Boulos critica atraso de pautas no Senado e diz que fim da escala 6x1 "é um grito da sociedade brasileira"
Fala foi feta durante o programa Bom dia, Ministro, na manhã desta terça-feira (30)

Foto: Fabio Rodrigues-Pozzebom/ Agência Brasil
O ministro-chefe da Secretaria-Geral da Presidência do Brasil Guilherme Boulos criticou a atuação da presidência do Senado na condução da pauta sobre o fim da escala 6x1. De acordo com o ministro, a forma como a casa tem conduzido a temática é “temerária” para os interesses da população brasileira.
Durante sua participação no programa Bom dia, Ministro na manhã desta terça-feira (30), Boulos respondeu ao Farol da Bahia que os entraves que têm sido colocados no Congresso aos projetos do governo representam um retrocesso. Porém, ele acredita que a pressão popular vai colaborar para a aprovação “eu acho que esse grito vem e virá da sociedade brasileira”.

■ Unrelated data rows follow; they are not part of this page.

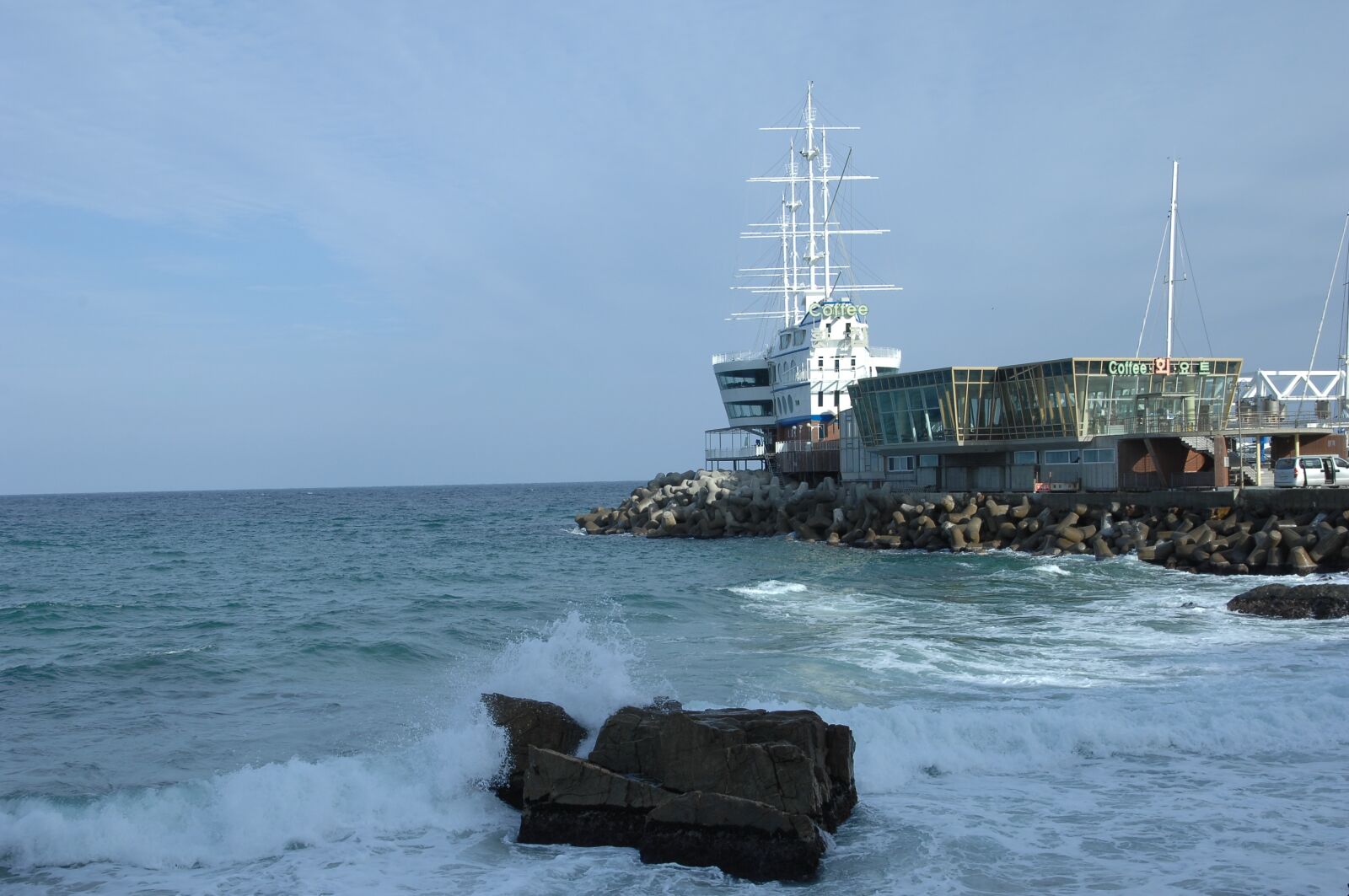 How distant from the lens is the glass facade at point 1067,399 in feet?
139

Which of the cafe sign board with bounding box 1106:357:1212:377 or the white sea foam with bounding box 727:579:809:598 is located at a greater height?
the cafe sign board with bounding box 1106:357:1212:377

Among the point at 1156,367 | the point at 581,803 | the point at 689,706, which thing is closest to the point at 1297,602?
the point at 689,706

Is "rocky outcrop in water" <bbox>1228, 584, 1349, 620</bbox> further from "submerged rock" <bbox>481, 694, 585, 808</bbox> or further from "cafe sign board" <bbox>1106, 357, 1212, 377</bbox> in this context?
"cafe sign board" <bbox>1106, 357, 1212, 377</bbox>

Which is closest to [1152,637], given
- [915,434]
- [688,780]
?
[688,780]

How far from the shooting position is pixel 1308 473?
3644cm

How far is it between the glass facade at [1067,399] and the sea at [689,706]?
46.0ft

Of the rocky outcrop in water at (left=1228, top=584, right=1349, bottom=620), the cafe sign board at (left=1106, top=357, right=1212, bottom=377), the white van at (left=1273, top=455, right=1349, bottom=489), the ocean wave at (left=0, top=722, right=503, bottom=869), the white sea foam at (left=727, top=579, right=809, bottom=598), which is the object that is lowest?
the ocean wave at (left=0, top=722, right=503, bottom=869)

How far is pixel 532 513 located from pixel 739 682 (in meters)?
71.3

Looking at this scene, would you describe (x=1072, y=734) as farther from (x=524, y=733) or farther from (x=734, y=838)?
(x=524, y=733)

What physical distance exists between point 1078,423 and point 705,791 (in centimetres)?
3581

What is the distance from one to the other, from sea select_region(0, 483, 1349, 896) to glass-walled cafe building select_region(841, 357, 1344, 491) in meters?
13.4

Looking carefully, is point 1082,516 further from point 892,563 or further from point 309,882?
point 309,882

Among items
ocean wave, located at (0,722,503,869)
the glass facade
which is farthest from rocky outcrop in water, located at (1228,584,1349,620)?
the glass facade

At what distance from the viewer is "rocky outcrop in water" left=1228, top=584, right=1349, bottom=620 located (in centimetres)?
2172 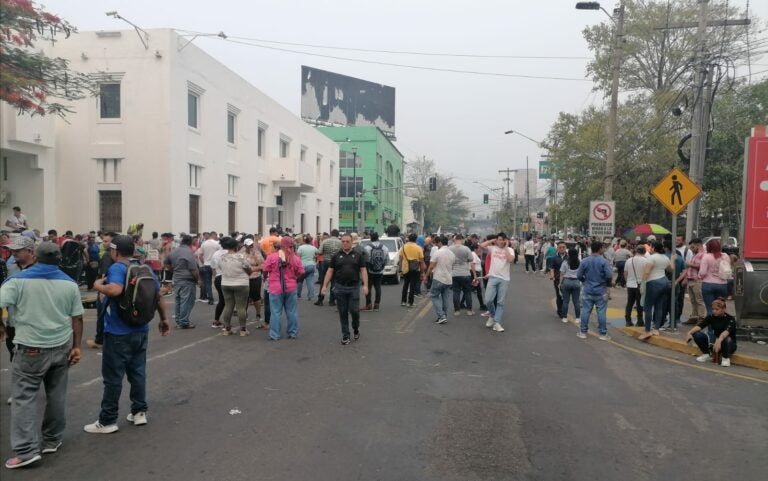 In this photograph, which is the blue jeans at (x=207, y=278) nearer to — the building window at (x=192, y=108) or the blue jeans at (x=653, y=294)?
the blue jeans at (x=653, y=294)

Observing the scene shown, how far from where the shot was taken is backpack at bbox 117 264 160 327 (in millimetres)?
5086

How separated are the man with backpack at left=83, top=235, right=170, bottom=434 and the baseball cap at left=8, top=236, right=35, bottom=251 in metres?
0.61

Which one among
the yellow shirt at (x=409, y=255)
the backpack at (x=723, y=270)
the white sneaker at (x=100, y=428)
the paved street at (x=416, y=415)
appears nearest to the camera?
the paved street at (x=416, y=415)

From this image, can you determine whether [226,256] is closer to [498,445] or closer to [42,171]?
[498,445]

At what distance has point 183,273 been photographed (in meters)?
10.6

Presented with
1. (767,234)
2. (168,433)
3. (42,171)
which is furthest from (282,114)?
(168,433)

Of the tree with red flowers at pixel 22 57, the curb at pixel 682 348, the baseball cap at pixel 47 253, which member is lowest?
the curb at pixel 682 348

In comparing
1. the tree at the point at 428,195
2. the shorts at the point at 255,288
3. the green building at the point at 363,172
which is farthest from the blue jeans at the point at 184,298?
the tree at the point at 428,195

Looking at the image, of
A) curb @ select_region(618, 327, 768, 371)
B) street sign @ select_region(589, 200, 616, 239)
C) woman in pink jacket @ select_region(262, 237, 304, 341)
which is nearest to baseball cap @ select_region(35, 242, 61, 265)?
woman in pink jacket @ select_region(262, 237, 304, 341)

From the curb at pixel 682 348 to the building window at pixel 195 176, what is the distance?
1762 centimetres

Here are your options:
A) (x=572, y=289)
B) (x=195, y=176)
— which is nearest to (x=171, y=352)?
(x=572, y=289)

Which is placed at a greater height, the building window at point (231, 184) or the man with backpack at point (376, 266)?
the building window at point (231, 184)

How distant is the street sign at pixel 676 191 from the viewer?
10.9m

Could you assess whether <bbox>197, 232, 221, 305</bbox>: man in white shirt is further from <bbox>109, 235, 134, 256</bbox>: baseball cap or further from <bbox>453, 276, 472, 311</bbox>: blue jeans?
<bbox>109, 235, 134, 256</bbox>: baseball cap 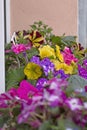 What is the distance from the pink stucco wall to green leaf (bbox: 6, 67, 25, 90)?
68cm

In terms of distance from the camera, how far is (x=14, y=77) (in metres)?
1.77

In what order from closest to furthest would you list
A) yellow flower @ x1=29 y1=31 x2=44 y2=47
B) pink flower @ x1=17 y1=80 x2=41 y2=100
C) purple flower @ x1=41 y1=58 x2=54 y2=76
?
pink flower @ x1=17 y1=80 x2=41 y2=100 < purple flower @ x1=41 y1=58 x2=54 y2=76 < yellow flower @ x1=29 y1=31 x2=44 y2=47

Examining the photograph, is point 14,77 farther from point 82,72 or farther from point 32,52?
point 82,72

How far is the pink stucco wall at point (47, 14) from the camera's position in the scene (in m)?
2.51

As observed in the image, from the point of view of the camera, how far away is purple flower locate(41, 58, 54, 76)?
5.60 feet

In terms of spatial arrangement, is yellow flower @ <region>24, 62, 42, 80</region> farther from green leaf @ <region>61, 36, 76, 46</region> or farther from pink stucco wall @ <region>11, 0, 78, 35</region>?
pink stucco wall @ <region>11, 0, 78, 35</region>

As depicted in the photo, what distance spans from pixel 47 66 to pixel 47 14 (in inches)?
45.7

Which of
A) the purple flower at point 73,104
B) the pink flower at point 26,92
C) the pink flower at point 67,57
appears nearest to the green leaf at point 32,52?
the pink flower at point 67,57

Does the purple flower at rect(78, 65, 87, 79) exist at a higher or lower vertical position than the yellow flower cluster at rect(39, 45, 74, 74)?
lower

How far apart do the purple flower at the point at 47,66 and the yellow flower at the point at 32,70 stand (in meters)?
0.03

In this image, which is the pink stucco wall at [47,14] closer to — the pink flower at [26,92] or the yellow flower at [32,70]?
the yellow flower at [32,70]

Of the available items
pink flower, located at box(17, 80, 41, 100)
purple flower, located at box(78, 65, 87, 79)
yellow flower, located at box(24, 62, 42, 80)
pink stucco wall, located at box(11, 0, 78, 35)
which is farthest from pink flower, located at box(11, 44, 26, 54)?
pink flower, located at box(17, 80, 41, 100)

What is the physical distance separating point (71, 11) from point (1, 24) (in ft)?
5.25

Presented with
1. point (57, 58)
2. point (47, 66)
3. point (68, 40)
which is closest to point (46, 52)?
point (57, 58) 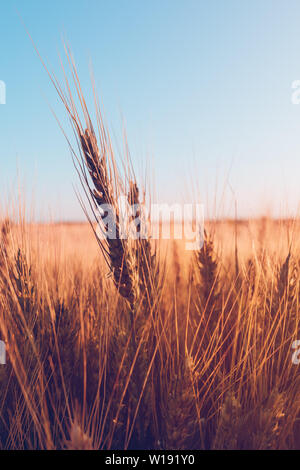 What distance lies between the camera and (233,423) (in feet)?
3.03

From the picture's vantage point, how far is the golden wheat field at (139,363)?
96 centimetres

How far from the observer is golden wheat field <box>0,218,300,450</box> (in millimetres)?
959

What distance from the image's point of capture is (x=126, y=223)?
1050 millimetres

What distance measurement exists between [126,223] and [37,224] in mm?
529

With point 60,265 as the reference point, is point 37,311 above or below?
below

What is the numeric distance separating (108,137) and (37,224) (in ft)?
1.69

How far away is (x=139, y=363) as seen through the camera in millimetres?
1041

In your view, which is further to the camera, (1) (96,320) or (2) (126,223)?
(1) (96,320)

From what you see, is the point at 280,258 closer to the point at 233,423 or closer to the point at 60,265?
the point at 233,423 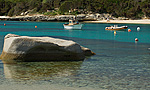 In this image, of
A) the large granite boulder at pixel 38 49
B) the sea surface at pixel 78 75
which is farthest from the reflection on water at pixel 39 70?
the large granite boulder at pixel 38 49

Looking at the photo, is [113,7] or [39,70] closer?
[39,70]

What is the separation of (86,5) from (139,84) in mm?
168636

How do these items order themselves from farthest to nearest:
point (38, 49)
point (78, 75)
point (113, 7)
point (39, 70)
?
point (113, 7) → point (38, 49) → point (39, 70) → point (78, 75)

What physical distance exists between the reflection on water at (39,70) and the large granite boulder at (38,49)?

“É muito temerário a conduta que a mesa do senado tem tido em relação às pautas essenciais para o país com destaque para o fim da escala 6x1. Como você bem lembrou, a PEC da segurança também está parada lá para ser votada e o projeto das terras raras também. Reitero [eles] estão brincando com fogo porque pegam pautas que são essenciais para o Brasil e subordinam a interesses menores de disputa política, de disputa partidária, isso não é bom para ninguém”, disse.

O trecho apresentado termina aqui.